Friday, November 13, 2015

A Quick One on The Masters

The National has already started but let's take a quick look at a couple of scenarios from the Masters.

The first situation involves the 7th end of the Men's semi-final between Kevin Koe and Mike McEwen. This would have been a great game to watch but television viewers were instead served a potpourri of shots from all four games taking place. I understand the desire to capture the best shots across all games and the SportsNet crew has improved with this broadcasting approach, but I would prefer to watch a single strong game and see how ends develop rather than jump around. McEwen scored a critical three in the sixth end and we never saw how it happened. Curling's version of the NFL Red Zone isn't something I'm interested in watching but I wonder if other viewers would disagree.

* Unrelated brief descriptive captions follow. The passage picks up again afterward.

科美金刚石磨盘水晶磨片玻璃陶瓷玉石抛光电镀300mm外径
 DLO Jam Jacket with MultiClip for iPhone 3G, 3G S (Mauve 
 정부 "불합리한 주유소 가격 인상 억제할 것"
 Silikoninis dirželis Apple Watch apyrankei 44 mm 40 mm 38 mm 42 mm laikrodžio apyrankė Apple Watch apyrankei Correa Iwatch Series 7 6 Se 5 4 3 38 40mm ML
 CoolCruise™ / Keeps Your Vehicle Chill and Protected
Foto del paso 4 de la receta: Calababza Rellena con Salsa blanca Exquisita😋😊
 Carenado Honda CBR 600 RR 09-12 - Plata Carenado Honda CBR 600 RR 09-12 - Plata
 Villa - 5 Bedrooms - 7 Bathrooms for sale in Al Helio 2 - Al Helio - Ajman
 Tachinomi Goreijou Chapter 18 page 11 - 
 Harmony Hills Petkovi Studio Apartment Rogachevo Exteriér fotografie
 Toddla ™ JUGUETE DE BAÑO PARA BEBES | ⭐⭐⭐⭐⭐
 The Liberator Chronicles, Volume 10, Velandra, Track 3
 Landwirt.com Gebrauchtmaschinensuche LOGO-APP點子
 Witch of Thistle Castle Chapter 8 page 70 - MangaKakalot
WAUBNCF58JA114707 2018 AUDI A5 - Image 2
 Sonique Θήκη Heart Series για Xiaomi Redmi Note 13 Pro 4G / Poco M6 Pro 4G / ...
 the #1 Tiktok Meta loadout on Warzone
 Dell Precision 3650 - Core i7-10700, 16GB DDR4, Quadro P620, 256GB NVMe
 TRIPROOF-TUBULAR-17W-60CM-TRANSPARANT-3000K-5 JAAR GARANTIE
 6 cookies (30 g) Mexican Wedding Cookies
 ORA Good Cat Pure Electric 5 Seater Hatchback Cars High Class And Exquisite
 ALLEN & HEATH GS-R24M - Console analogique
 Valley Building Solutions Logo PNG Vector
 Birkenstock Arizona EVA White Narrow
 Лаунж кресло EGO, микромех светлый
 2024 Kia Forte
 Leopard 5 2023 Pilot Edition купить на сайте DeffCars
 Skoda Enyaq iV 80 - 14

Following a pick on McEwen second Matt Wozniak's final shot, Brent Laing drops a corner freeze into the rings that sits 5th stone and, up two points without hammer, Mike is looking at this:

McEwen is Yellow

Despite sitting first, third and fourth, McEwen is not thrilled with his position. A runback on the corner guard could drive the Laing stone onto his shot on the top four. A straight peel could help but the staggered stones will conttinue to create trouble. At this stage everything Mike does should be to avoid three or more points. He would gladly hand over a deuce right now and take last rock tied into the final end. After some discussion they chose a corner freeze onto second shot. BJ is light with his attempt and sits beside the corner of the red stone in the top twelve. Kennedy then hits and rolls behind cover and things have gotten worse:

McEwen is Yellow

BJ now noses with his runback of the corner guard and when the dust settles Koe is sitting first and second behind cover and fifth stone biting. With a Kennedy hit on the back stone Koe then sits 1,2,3 and 5.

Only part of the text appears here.